Recuerdo escupir a mi padre,
-Pedro vete a la cama-, el contenido tiene un rombo. No puedes verlo.
Era menor. En casa disfrutamos que yo recuerde de cuatro televisores. Una en color. Tres en blanco y negro. La de color de la marca Phillips. Un armario. Cualquier adelanto audiovisual era igual de bienvenido que la visita de un Papa.
Fuimos de los primeros en la ciudad de València, años ochenta, en enchufarnos a la TV3, pagando claro está y precisamente no éramos una familia de “ideología marxista ni catalanista”..
Recuerdo que en el funeral de una hermana de mi padre, a la salida, me acerqué a una María Consuelo Reyna demacrada y mayor, y en voz baja, tibiamente, propinarle un ¡Cuánto daño hiciste a València!. Luego me arrepentí por lo echa polvo que estaba.
Después vendría lo que en el mundo audiovisual se acuñó con el término de telebasura. Los valencianos, por desgracia lo conocemos muy bien. Los seguimos teniendo muy presente en el corazón con “El crimen de las niñas de Alcácer.” o Tómbola. Ningún ser humano puede pasar por este horror.
Aquel macabro asesinato convertido en un folletín y conducido por Nieves Herrero fue el experimento de laboratorio de lo que vendría después. La telebasura. La presentadora años más tarde se vería en la obligación de pedir perdón reconociendo el mea culpa.
Como colofón, o guinda al pastel, Mercedes Milá con su programa del BIG BROTHER, naturalizó en el pan de hogaza de los españoles, ese concepto de entretenimiento que se basó en la pérdida de la privacidad.
Uno vende su vida al mejor postor, su intimidad y sus vergüenzas a un anunciante por cuatro perras. Era moda y tiempo del exhibicionismo. Yo ya había visitado el barrio rojo de Ámsterdam. La era de los Peep Show. Recuerdo el de la Gran Vía Marqués del Turia, otro en la calle Bailén o uno de los accesos al Paseo de Ruzada, y otro por Matías Perelló. Desde entonces todos los idiotas e idiotas querian vivir del bikini, silicona y gimnasio o hacer porno o edredoning en televisión al precio que fuera.
Estos miserables contenidos nacieron en un planeta analógico. En una vida Kodak a puertas de cruzar el límite del umbral de Google. Y de nada serviría que en 1997, Europa, acordara unos mínimos para la protección de los menores y de la dignidad humana con un libro verde en la clasificación de contenidos audiovisuales.
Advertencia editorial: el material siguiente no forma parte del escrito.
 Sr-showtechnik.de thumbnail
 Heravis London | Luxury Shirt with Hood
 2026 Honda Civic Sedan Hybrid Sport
Todo este libro de códigos o buena conducta ha sido amputado por un mundo digital incontrolado e incontrolable, que prevalece el músculo, sobresale el tatuaje, y carece de sistema nervioso, imponiendo contenidos sin rigor, ética y profesionalidad. Lo decía el profesor Umberto Eco, antes solo los tenías que aguantar a los idiotas en la barra del bar, ahora las 24 horas del día.
No todo vale. Y está ocurriendo con el tráfico masivo de imágenes del incendio de dos edificios en Campanar. Por desgracia ya tenemos que soportar algo nunca visto en la humanidad, ver a un pueblo, el palestino, retransmitir en directo su propio holocausto. En África no pudieron hacerlo.
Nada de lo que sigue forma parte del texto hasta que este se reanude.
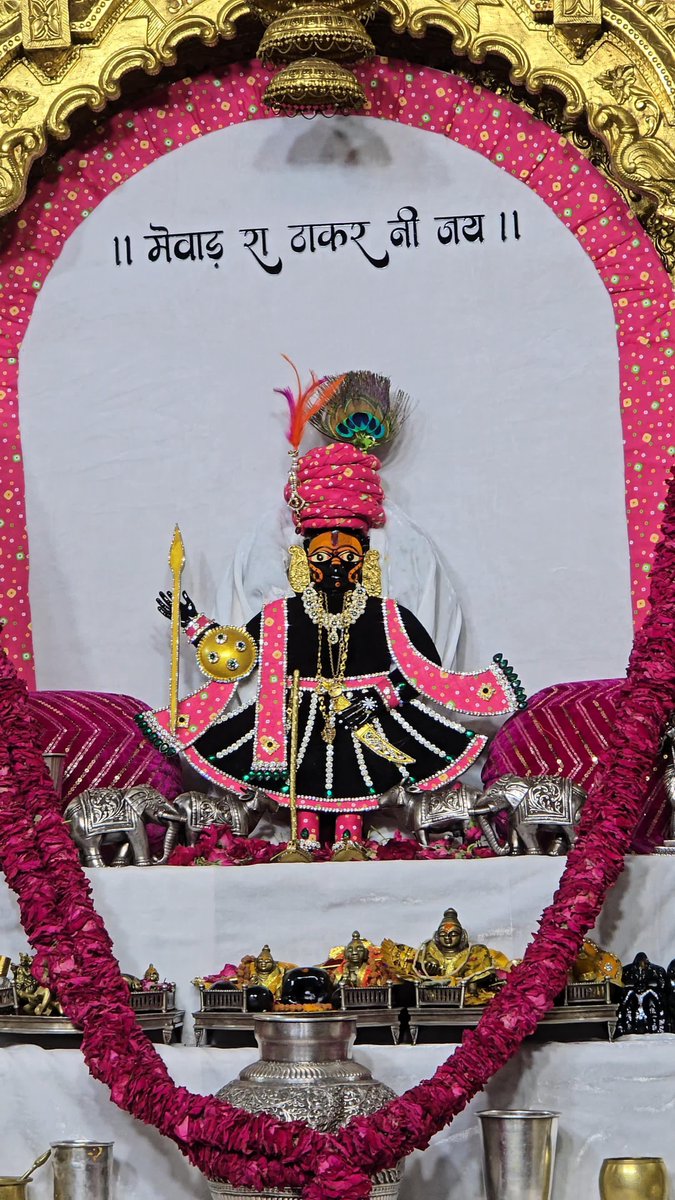 LSBjodhpur's tweet photo. आज के दर्शन श्री सांवलिया सेठ जी 29 मई 2026 🙏 https://t.co/XXHVxNePDt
No podemos llegar a casa y encontrarte en el móvil, es mi caso porque carezco de televisión, cientos de mensajes, opiniones y vídeos sobre otro drama humano, horror local o de proximidad. A mí personalmente me hace daño.
Sin darnos cuenta con estas nocivas acciones de reenviar o compartir seguimos la línea de aquella presentadora de televisión que pidió perdón públicamente.
A mi no he hace ni puta gracia ver un video de dos edificios ardiendo. Ni especular con sus vidas. O esperar si una pareja es rescatada del horror del fuego por los bomberos. No es divertido. Es macabro. Es pornográfico. No quiero ser más idiota de lo que ya lo soy.
Vivimos en un mundo sin intimidad, donde todo se transmite en vivo y en directo, donde las buenas noticias no son noticia si no se acompañan de algo truculento. Ya lo dijo Don Quijote: “Las tristezas no se hicieron para las bestias, sino para los hombres; pero si los hombres las sienten demasiado, se vuelven bestias.” Buenos días.